Cláudia, mãe de Vitória, contestou as declarações das estudantes. “O que elas dizem é inverídico e temos provas de tudo, de que ela [Vitória] seguia o tratamento à risca”, diz a mãe.

“A gente sempre acompanhou a Vitória. A gente sabia o quanto ela lutava para viver, né? Tanto é que tem um monte de ofício na promotoria de a gente pedindo ajuda com medicação, com passagem para vir no tratamento. Ela nunca faltou a uma consulta sequer, né? E minha filha tinha sede de vida. Tudo o que ela queria era viver. Aí vem uma pessoa e diminui a história dela, eu não aceito, quero Justiça”, desabafou Cláudia.

Após o episódio, a mãe registrou um boletim de ocorrência e acionou o Ministério Público de São Paulo (MPSP).

O que dizem as instituições.

Em nota encaminhada à reportagem, o Incor afirmou não divulgar dados de pacientes. A instituição afirmou, ainda, repudiar “veementemente” atitudes que violem os princípios da ética e confidencialidade. O instituto acrescentou que apura “rigorosamente o caso mencionado”, ressaltando que “adotará todas as medidas cabíveis”.

Procurada, a Faculdade de Medicina da Universidade de São Paulo (USP) disse que as alunas atualmente não têm qualquer vínculo acadêmico com a universidade ou com o Incor.

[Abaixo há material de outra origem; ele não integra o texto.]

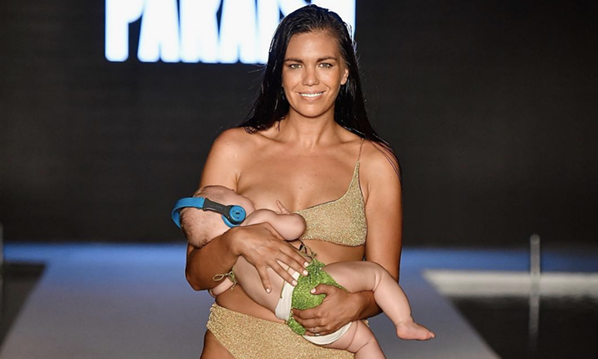 Model from Monroe breastfeeds on runway –  and we are here for it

As estudantes estavam no hospital em função de um curso de extensão de curta duração (um mês). “Assim que foi tomado conhecimento do fato, as universidades de origem das estudantes foram notificadas para que possam tomar as providências cabíveis”, diz nota.

“Internamente, a USP está tomando medidas adicionais para reforçar junto aos participantes de cursos de extensão as orientações formais sobre conduta ética e uso responsável das redes sociais, além da assinatura de um termo de compromisso com os princípios de respeito aos pacientes e aos valores que regem a atuação da instituição”, completa o texto.

As faculdades onde Gabrielli e Thaís estudam, Anhembi Morumbi e Faseh respectivamente, emitiram uma nota em conjunto nesta quarta-feira (9/4). O posicionamento diz que o acontecido não condiz com os princípios e valores das instituições de ensino, “tampouco com o compromisso de uma formação médica, ética e humanizada “.

As unidades lamentaram o ocorrido e se solidarizaram com a família de Vitoria, morta nove dias após a publicação do vídeo por parte das estudantes.

Ambas as instituições afirmam terem adotado, “com máxima urgência”, as medidas cabíveis para apurar o caso, seguindo o regimento interno. O Metrópoles questionou se as estudantes continuam matriculadas nas respectivas faculdades, porém não obteve retorno até o momento desta publicação. Espaço segue aberto.